The r before the regular expression in the search () call indicates that the regular expression is a raw string. This allows you to use the backslash in a regular expression as regular characters, rather than in an escape sequence of characters. Let me explain ...
Before the re module search method processes the lines passed to it, the Python interpreter performs an initial pass through the line. If there are backslashes in the string, the Python interpreter must decide whether each of them is part of the Python escape sequence (e.g. \ n or \ t) or not.
Note: at the moment, Python does not care about whether the '\' is a regular expression meta-character.
If the "\" is followed by a recognized Python escape character (t, n, etc.), then the backslash and escape character are replaced with the actual Unicode or 8-bit character. For example, '\ t' will be replaced by the ASCII character for the tab. Otherwise, it is transmitted and interpreted as the '\' character.
Think about the following.
>>> s = '\t' >>> print ("[" + s + "]") >>> [ ] // an actual tab character after preprocessing >>> s = '\d' >>> print ("[" + s + "]") >>> [\d] // '\d' after preprocessing
Sometimes we want to include a character sequence in a string that includes '\', without interpreting Python as an escape sequence. To do this, we avoid "\" with "\". Now that Python sees "\", it replaces the two backslashes with a single "\" character.
>>> s = '\\t' >>> print ("[" + s + "]") >>> [\t] // '\t' after preprocessing
After the Python interpreter passes both strings, they will be passed to the re module search method. The search method parses the regular expression string to determine the regular expression metacharacters.

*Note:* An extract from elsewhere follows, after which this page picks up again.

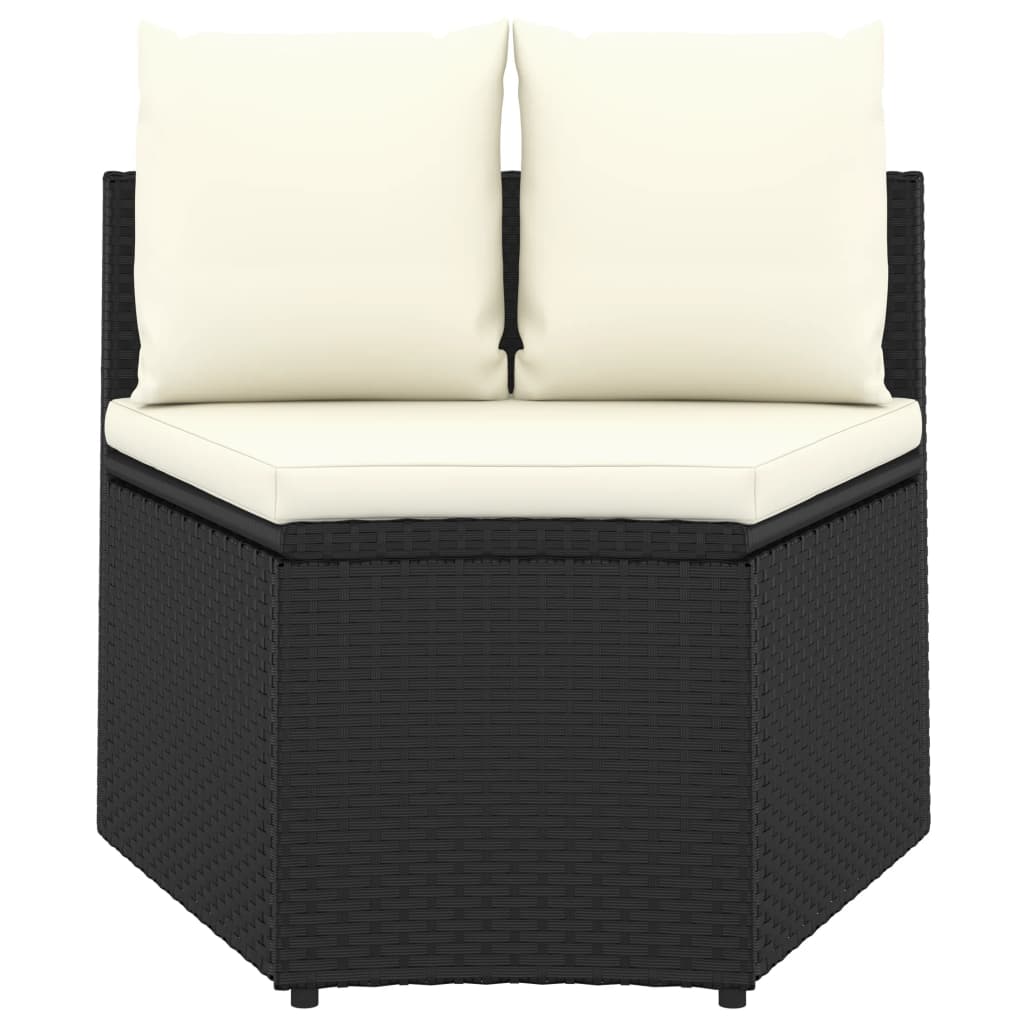 7-delige Loungeset met kussens poly rattan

Now '\' is also a special regular expression metacharacter and is interpreted as one IF it is not escaped during the execution of the re search () method.
Consider the following call.
>>> match = re.search('a\\t','a\\t') //Match is None
There are no matches. Why? Let's look at the lines after the Python interpreter does this.
String 1: 'a\t' String 2: 'a\t'
So why is the match equal to None? When search () interprets line 1 because it is a regular expression, the backslash is interpreted as a metacharacter, not a regular character. The backslash in line 2, however, is not in the regular expression and has already been processed by the Python interpreter, so it is interpreted as a regular character.
Therefore, the search () method searches in the string 'a \ t' for escape-t that do not match.
To fix this, we can say that the search () method should not interpret '\' as a metacharacter. We can do this by avoiding it.
Consider the following call.
>>> match = re.search('a\\\\t','a\\t') // Match contains 'a\t'
Again, let's look at the lines after the Python interpreter has passed.
String 1: 'a\\t' String 2: 'a\t'
Now that the search () method processes the regular expression, it sees that the second backslash is escaped first and should not be treated as a metacharacter. Therefore, it interprets the line as 'a \ t', which corresponds to line 2.
An alternative way to make search () look at the "\" character is to put r in front of the regular expression. This tells the Python interpreter NOT to pre-process the string.
Keep this in mind.
>>> match = re.search(r'a\\t','a\\t') // match contains 'a\t'
Here, the Python interpreter does not change the first line, but processes the second line. Lines passed to search ():
String 1: 'a\\t' String 2: 'a\t'
As in the previous example, search interprets '\' as a separate character '\', and not as a metacharacter, so it matches line 2.